Sono abituata a passare da una parte all’altra della frontiera tra l’Italia e i Paesi limitrofi cavalcando tranquillamente in cresta. Riconoscere un cippo di confine tra le pietre mi ha sempre fatto una certa impressione ma praticamente niente limitava la mia libertà di movimento.
Ho costeggiato il confine Mongolia Russia per quattro giorni e tutto quello che per me è sempre stato solo un’impressione si é materializzato.
Quattrocento chilometri di filo spinato tirato a tre altezze fino a un metro e mezzo dal lato della Mongolia.
Dai dieci ai cinquanta metri di terra di nessuno e un altro tiro di quattrocento chilometri di filo spinato a tre altezze fino a un metro e mezzo sul lato della Russia.
Guardie a cavallo battono quest’area con il fucile a tracolla e il binocolo legato al polso, certi li vedi, altri no. Le guardie sparse sul territorio sono tuvani e mongoli, sanno nascondersi e guardare.
I lavori non sono ancora finiti e i soldati vanno avanti ogni giorno seguendo le draghe che piantano i picchetti. Telecamere registrano con gli infrarossi i movimenti notturni.
Dicono che questo lavoro servirà per impedire alle popolazioni di erbivori selvatici di portare malattie e parassiti da una parte all’altra della frontiera. Questa barriera separa Tuva e la Repubblica di Altai dalla Mongolia.
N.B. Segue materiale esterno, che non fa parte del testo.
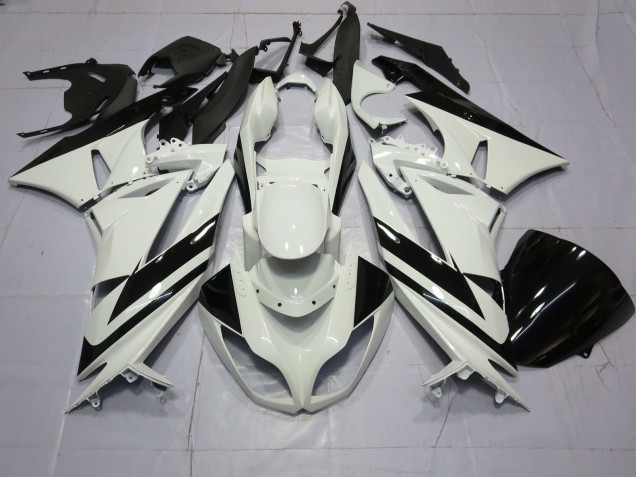 Spezial Weißschwarz 2009-2012 Kawasaki ZX6R Motorrad Verkleidungen Spezial Weißschwarz 2009-2012 Kawasaki ZX6R Motorrad Verkleidungen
Avevo il cuore pesante all’idea di lasciare la Mongolia, netta la barriera che mi impedirebbe di rientrarci per sbaglio.
Tra questi due paesi non ci sono tensioni e la frontiera si manifesta così duramente. Tra paesi in guerra, cosa ci deve essere allora?
Non ho fatto foto, neanche alle guardie a cavallo. Cavalli mongoli ben tenuti e in forma, selle mongole, bisacce di traverso alla sella, anfibi, uniforme da lavoro mimetica, zaino mimetico, cappellino con visiera mimetico, fucile. Ridevano come se stessero andando a fare una gita. I cavalli progredivano affiancati spalla a spalla, ginocchio a ginocchio i cavalieri.
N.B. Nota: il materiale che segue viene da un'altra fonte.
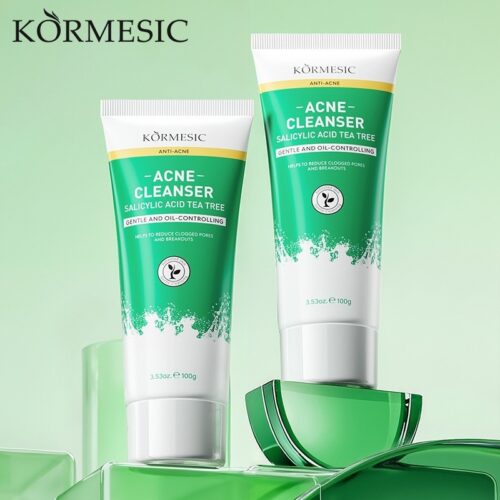Anti-acne facial cleanser for facial cleansing.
Passo veloce, il sole faceva strizzare gli occhi a loro e a me. Giovani, ottimi cavalieri con l’allenamento della naja nei muscoli, credo che vivano la frontiera come un gioco. Mi si é stretto lo stomaco. Erano già lontani.
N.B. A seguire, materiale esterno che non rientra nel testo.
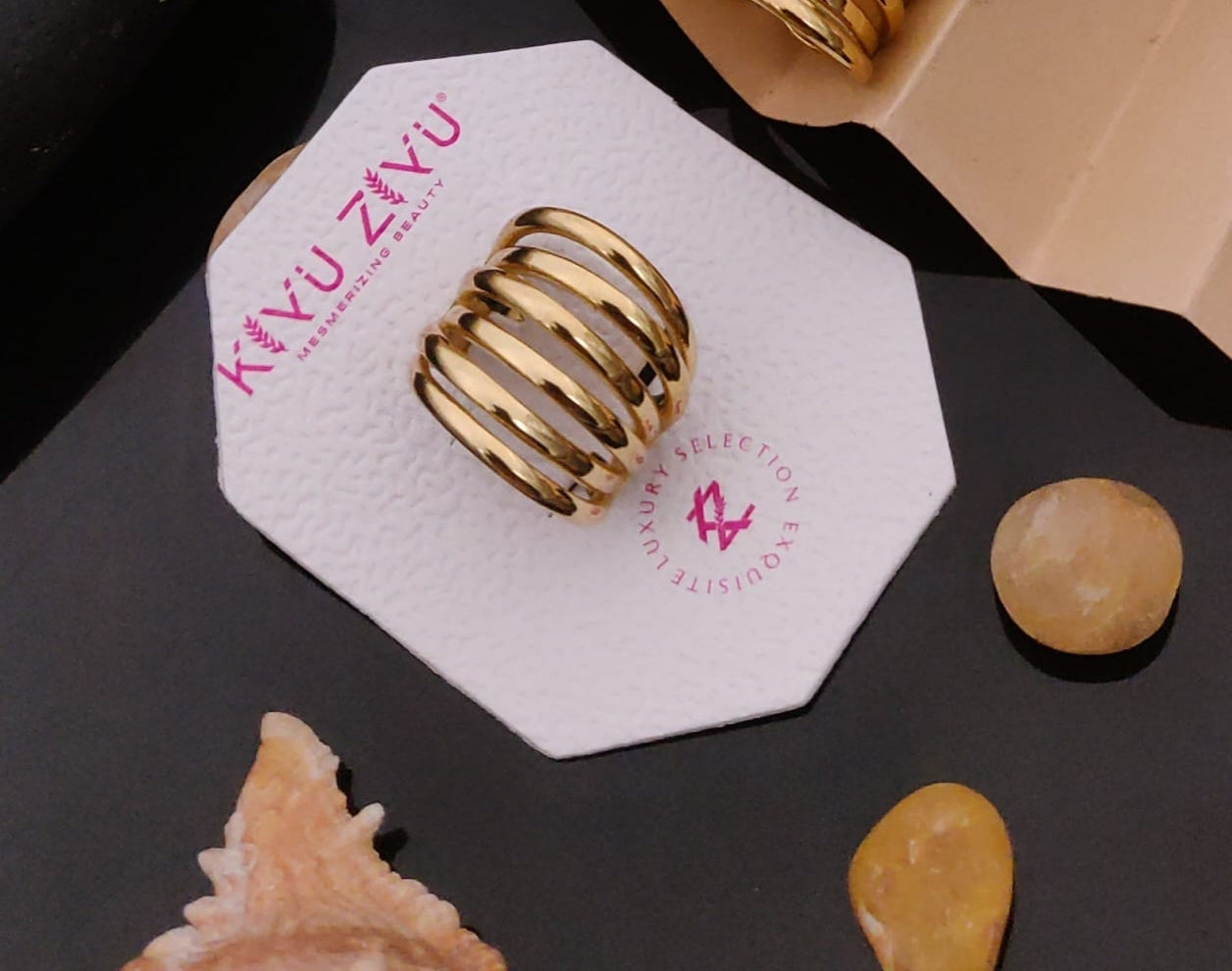 Premium anti tarnish daily wear rings (size 6) product code R16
Mille e mille come loro eseguono ordini per gioco in ogni parte del mondo. Ordini facili e ordini difficili. A quell’età sei invulnerabile. L’ordine arriva dall’alto e sei anche innocente. Innocente davvero, questa è la tragedia di chi vive e chi muore su confini ben più rumorosi di quello tra Russia e Mongolia: la tragedia di morire da innocenti. Non credo che sia l’ordine la tragedia. Di ordine c’è bisogno ovunque e non c’è n’è.